WORK ORDER: Transcribe the lines below exactly, beginning with the line that holds "Air conditioning facility" and ending with the final line, both included. Pictures are to be left out.

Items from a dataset
BEGIN
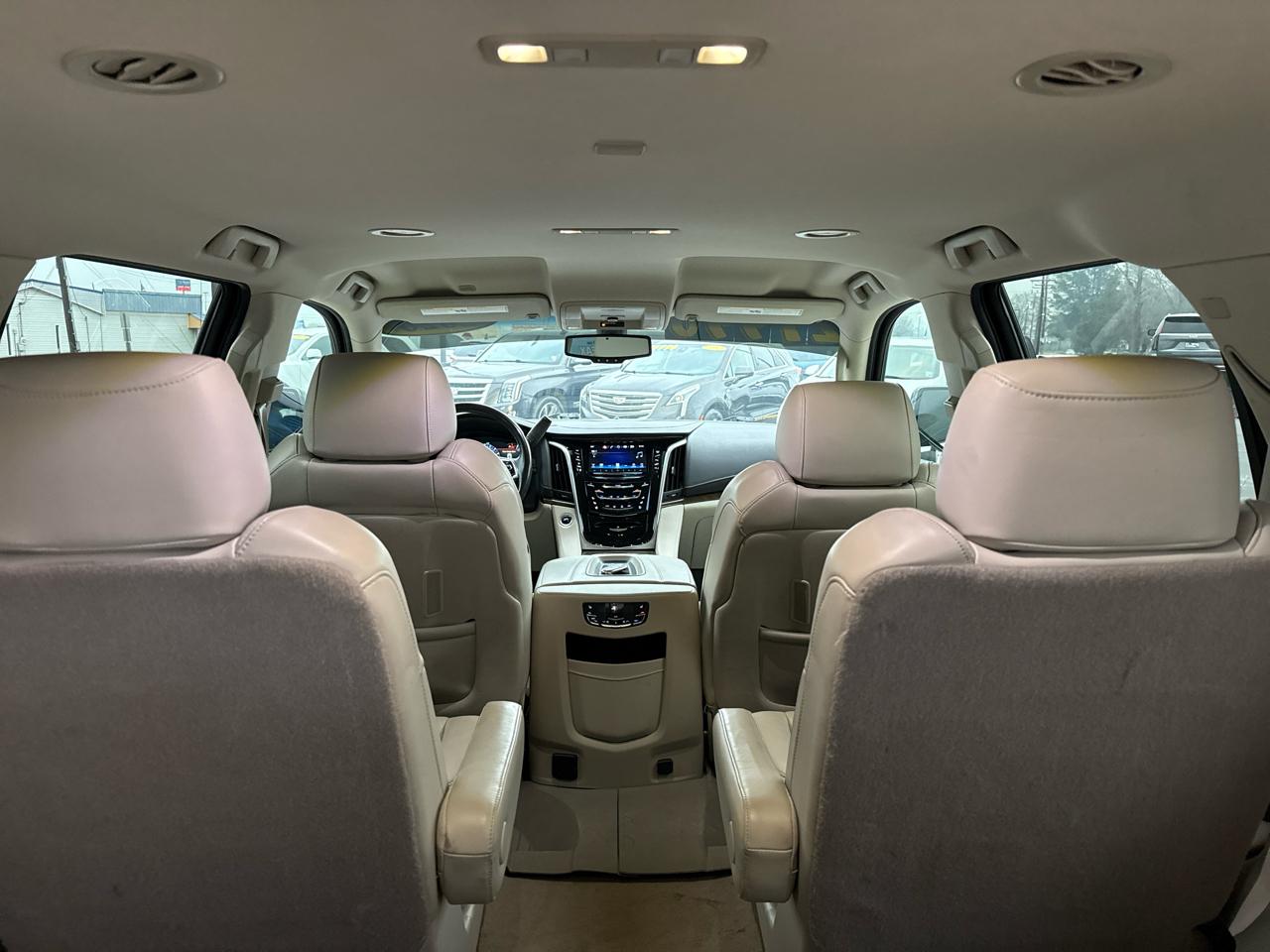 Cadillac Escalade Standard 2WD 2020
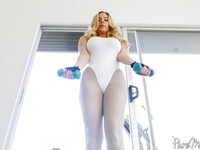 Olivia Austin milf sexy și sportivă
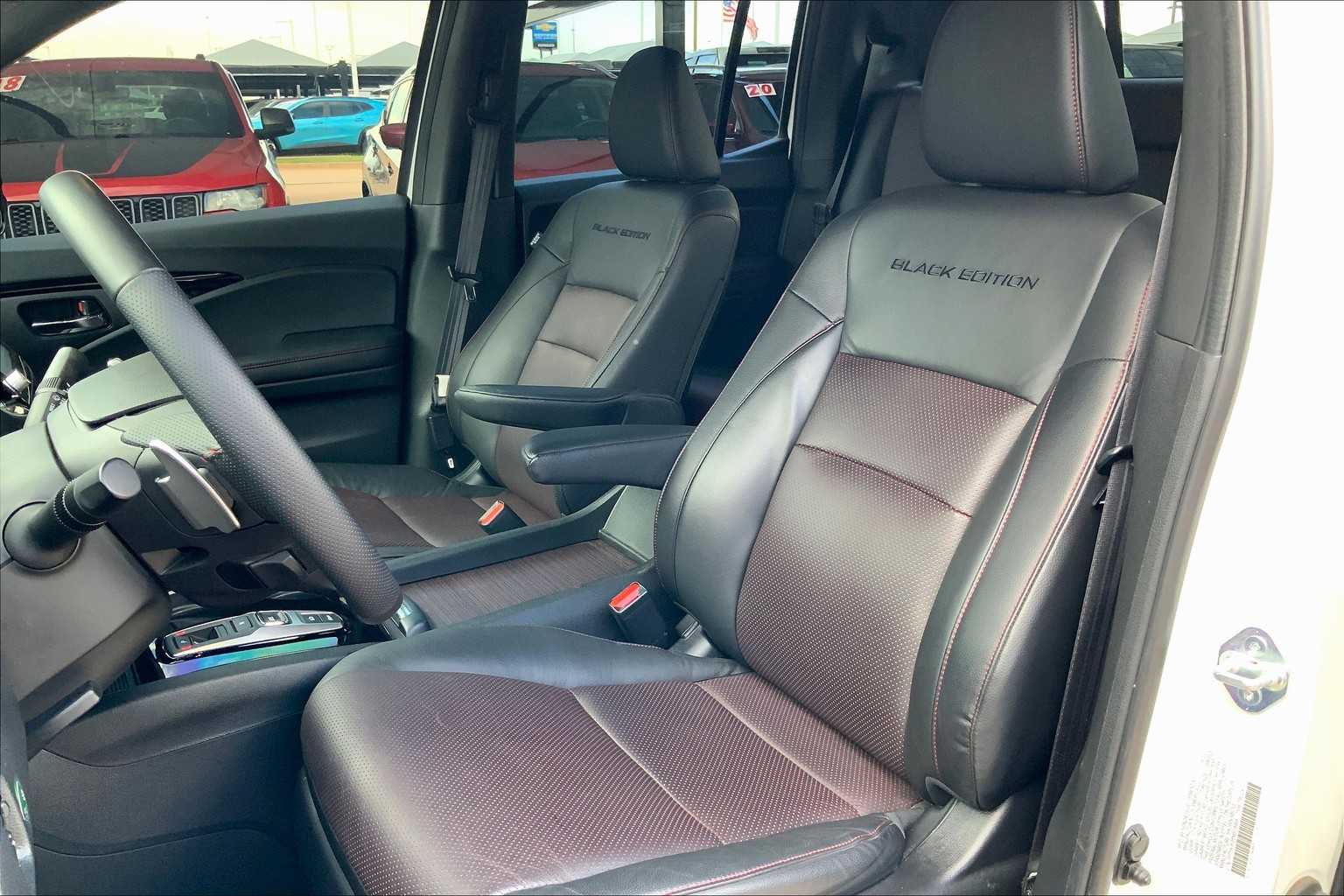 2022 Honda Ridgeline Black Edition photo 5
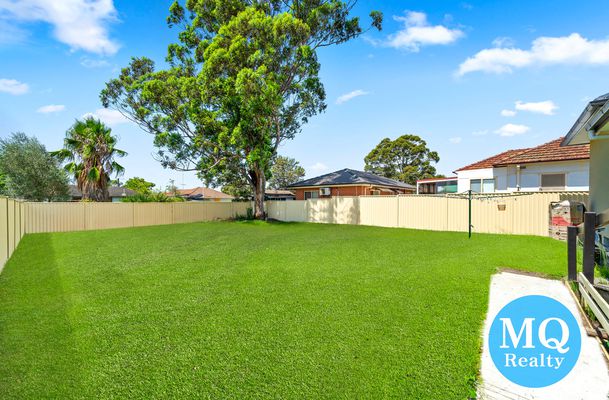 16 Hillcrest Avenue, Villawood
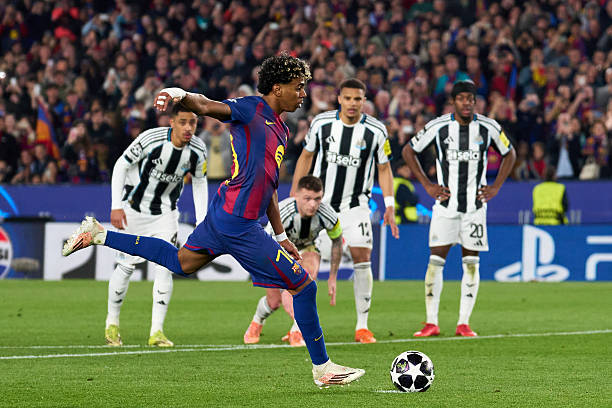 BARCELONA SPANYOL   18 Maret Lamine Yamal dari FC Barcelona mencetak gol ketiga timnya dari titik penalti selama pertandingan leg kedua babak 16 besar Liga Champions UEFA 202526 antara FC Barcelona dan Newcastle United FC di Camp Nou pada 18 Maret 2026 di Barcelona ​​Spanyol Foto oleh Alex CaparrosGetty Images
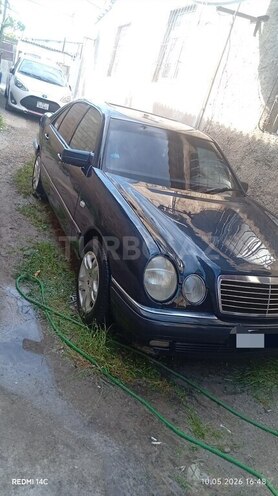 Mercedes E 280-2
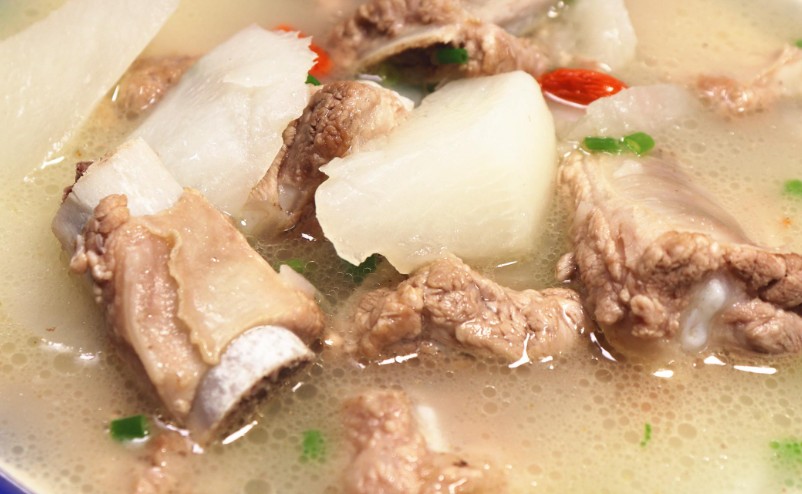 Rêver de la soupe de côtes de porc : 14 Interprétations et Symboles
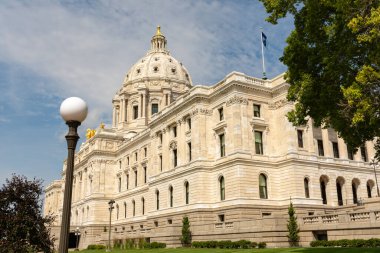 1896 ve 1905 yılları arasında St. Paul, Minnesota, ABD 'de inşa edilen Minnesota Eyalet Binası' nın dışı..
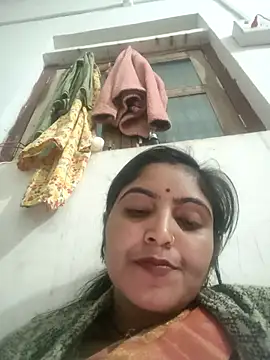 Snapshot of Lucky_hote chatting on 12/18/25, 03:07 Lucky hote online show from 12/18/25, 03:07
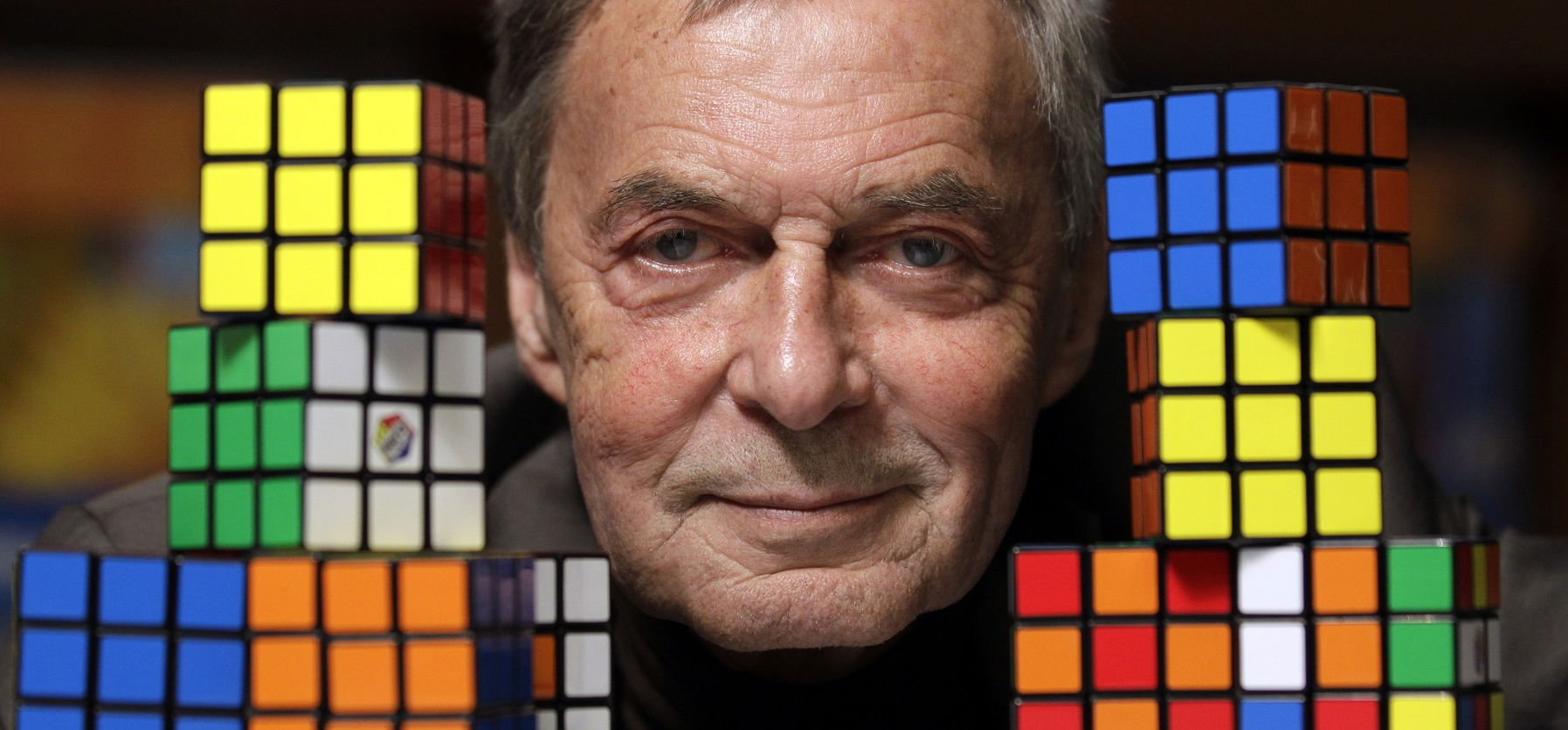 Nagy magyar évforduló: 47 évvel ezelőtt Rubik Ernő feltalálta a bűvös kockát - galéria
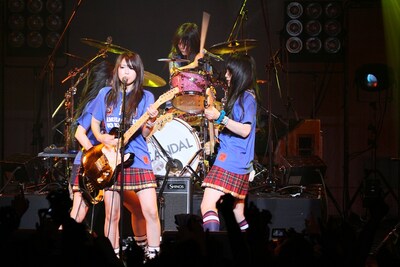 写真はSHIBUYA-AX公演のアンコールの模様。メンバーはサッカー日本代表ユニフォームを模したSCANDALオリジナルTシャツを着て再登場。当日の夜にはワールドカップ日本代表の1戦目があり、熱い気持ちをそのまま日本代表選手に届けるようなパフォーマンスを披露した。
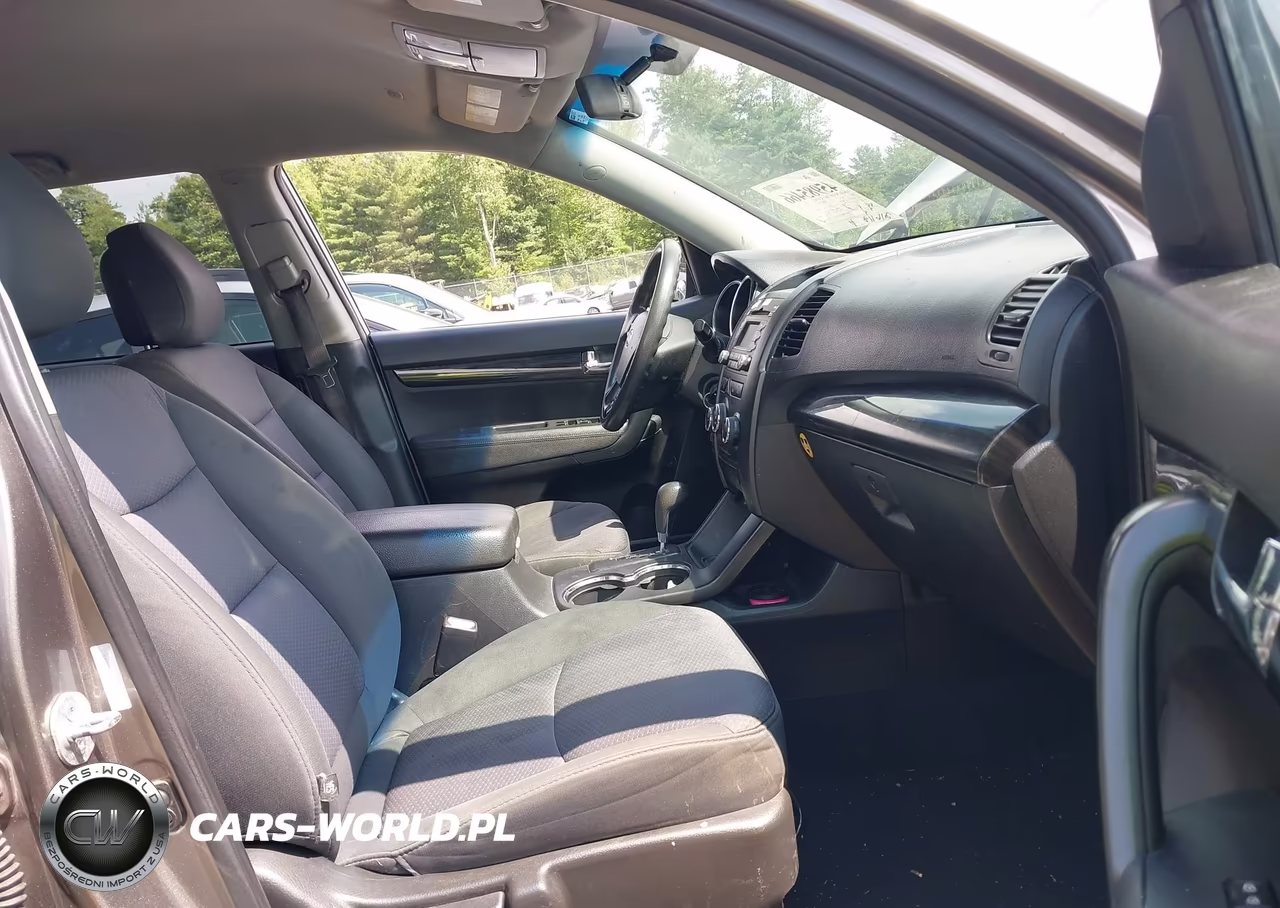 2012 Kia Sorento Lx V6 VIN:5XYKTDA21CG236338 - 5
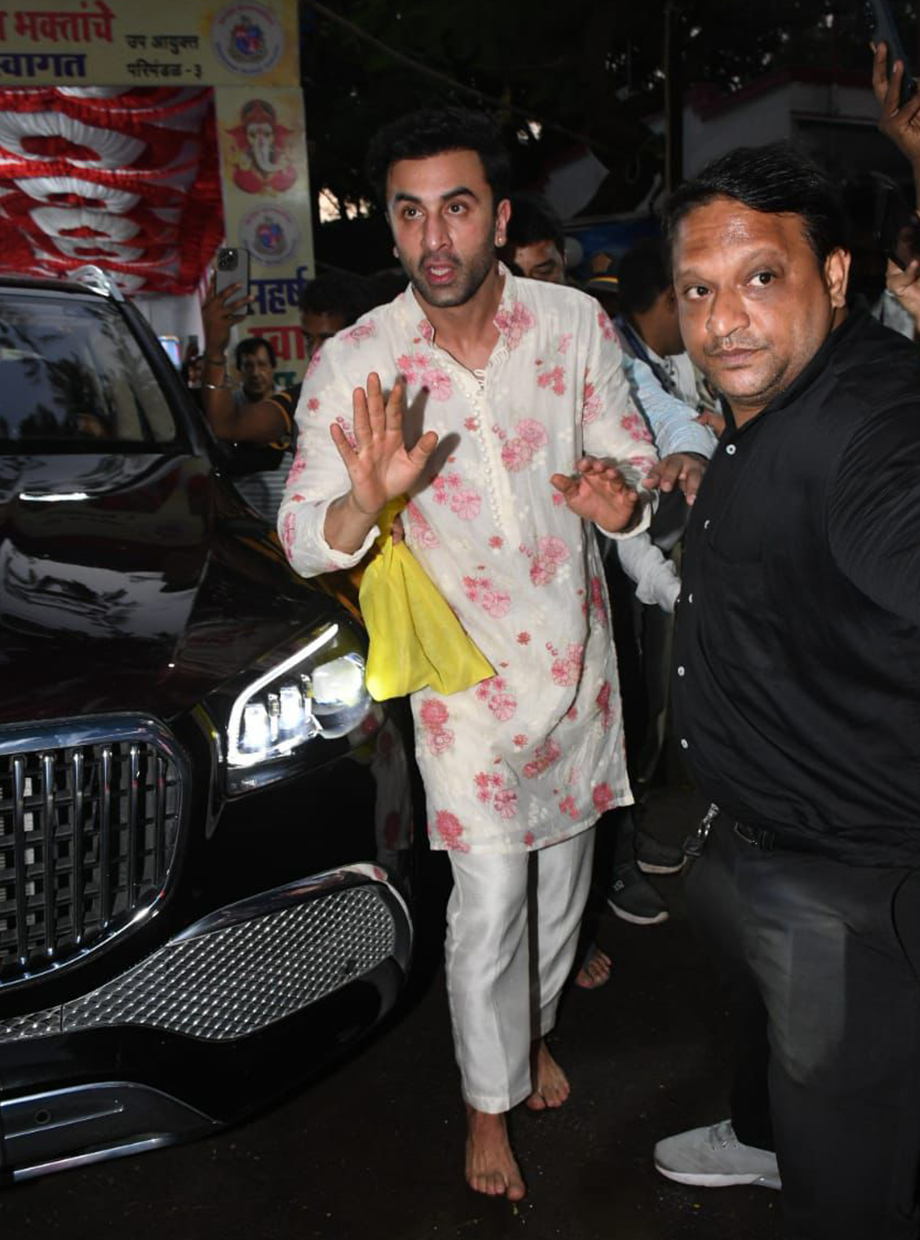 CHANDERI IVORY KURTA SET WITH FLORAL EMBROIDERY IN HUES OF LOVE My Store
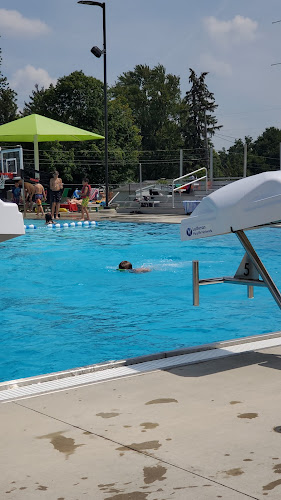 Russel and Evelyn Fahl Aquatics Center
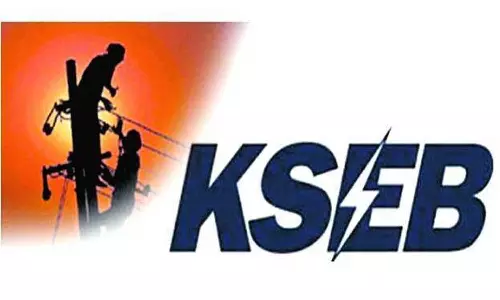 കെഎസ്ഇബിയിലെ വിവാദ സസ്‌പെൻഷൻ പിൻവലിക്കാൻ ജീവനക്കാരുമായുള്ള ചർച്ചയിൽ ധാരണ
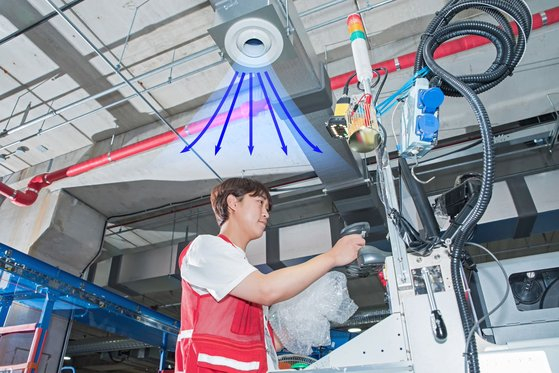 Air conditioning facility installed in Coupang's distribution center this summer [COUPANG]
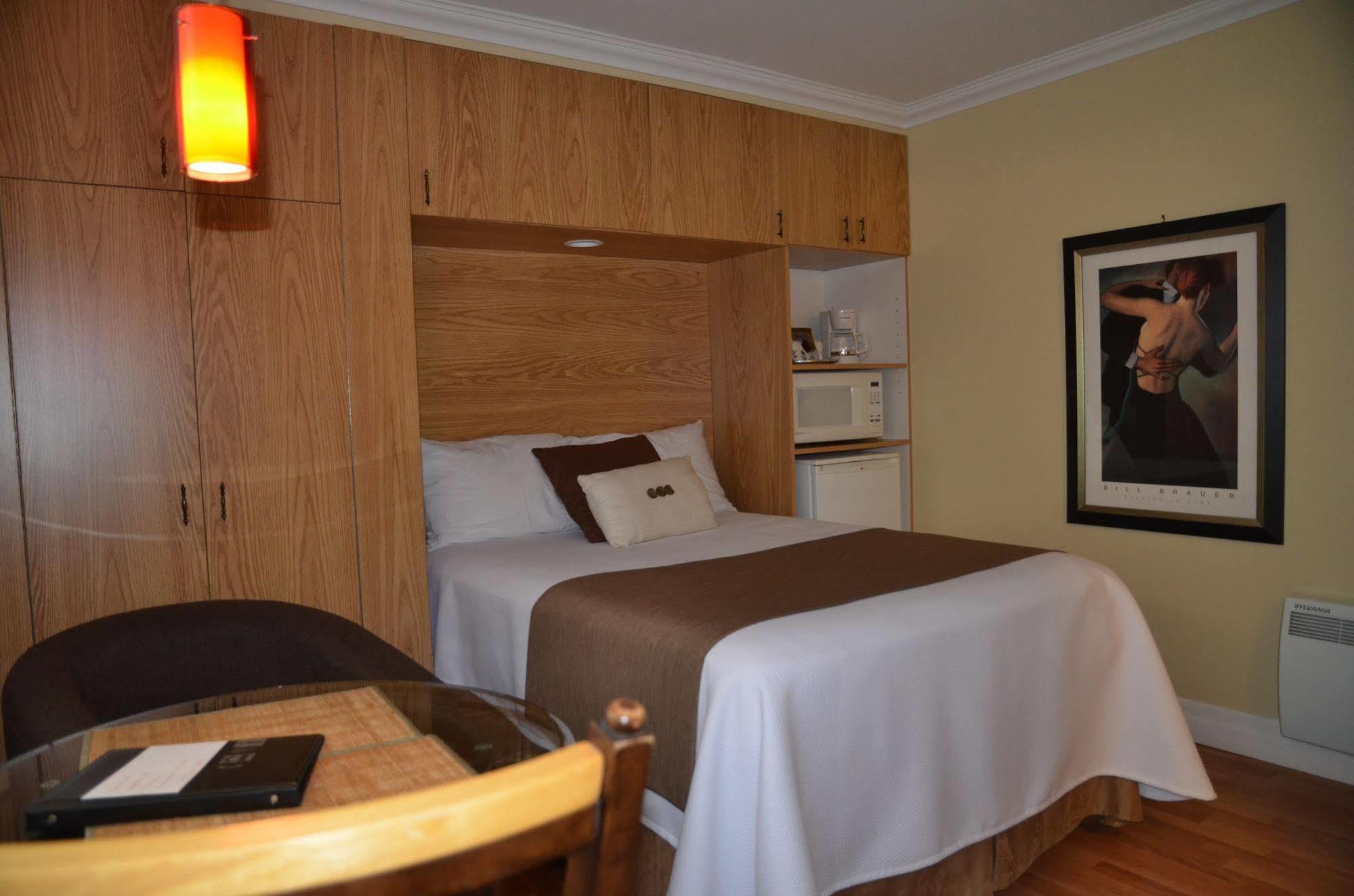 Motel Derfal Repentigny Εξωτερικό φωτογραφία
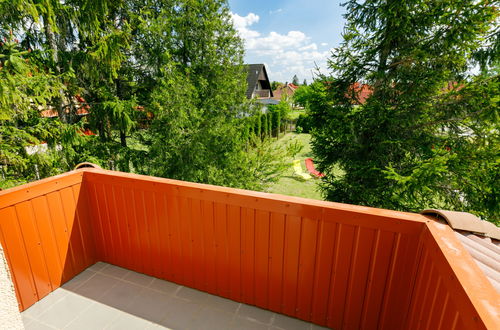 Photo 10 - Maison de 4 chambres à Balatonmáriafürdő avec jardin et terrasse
END
RESPONSE:
 Air conditioning facility installed in Coupang's distribution center this summer [COUPANG]
 Motel Derfal Repentigny Εξωτερικό φωτογραφία
 Photo 10 - Maison de 4 chambres à Balatonmáriafürdő avec jardin et terrasse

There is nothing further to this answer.